Germany is making significant shifts in its German immigration policy this year, with a focus on becoming less attractive for asylum-seekers while easing immigration for skilled workers.

Deportation measures

Chancellor Olaf Scholz is advocating for “large-scale” deportations of rejected asylum applicants. The Repatriation Improvement Act aims to enhance deportation efforts by eliminating advance announcements, extending asylum detention to 28 days, and granting police broader powers, including property searches.

Interior Minister Nancy Faeser emphasizes faster deportations for individuals suspected of criminal associations, aligning with efforts to promptly address potential threats.

New migration agreements

Germany is negotiating agreements with several countries, such as Georgia, Moldova, Kenya, Colombia, Uzbekistan, and Kyrgyzstan, to designate them as “safe countries of origin.” This move allows for the return of individuals to these countries. Notably, Georgia and Moldova have already received this status.

The potential revival of the European Union’s deal with Turkey, supported by Germany, could facilitate returning individuals there.

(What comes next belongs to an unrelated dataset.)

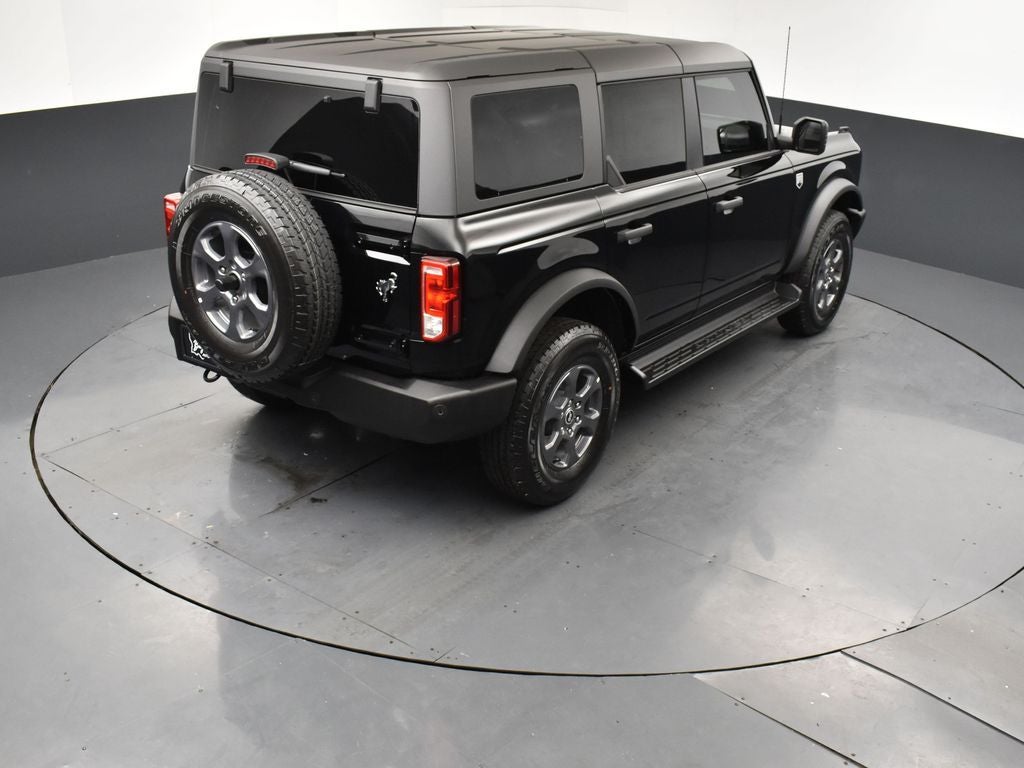 2025 Ford Bronco Big Bend 222A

Accelerating asylum processing

Germany is aiming to streamline the asylum application process, reducing the current duration of over two years to a target range of three to six months. This proposed change seeks to expedite decision-making and provide more timely resolutions.

Reduced benefits for asylum seekers

Asylum seekers undergoing the application process will receive fewer benefits, with welfare payments accessible only after three years instead of 18 months. Those in state housing will also see deductions in food costs.

Cities like Hannover have introduced a “social card,” a debit card system for benefits, with other regions planning to implement similar programs to prevent fund transfers to relatives in the home country.

Skilled labor immigration reforms

In contrast to the challenging environment for asylum-seekers, German immigration policy is implementing reforms to attract skilled labor. A new points system, considering language proficiency and professional experience, will grant eligible immigrants a one-year visa to search for jobs. The income requirement has been lowered, and bringing more family members will be easier.

Starting in March, non-EU foreigners can work in Germany while awaiting qualification approval, with a maximum stay of three years. The EU Blue Card is expanding to cover sectors facing labor shortages, such as healthcare and education.

Additionally, the special immigration quota for individuals from western Balkan countries is set to double to 50,000 people in June, creating more opportunities for skilled workers.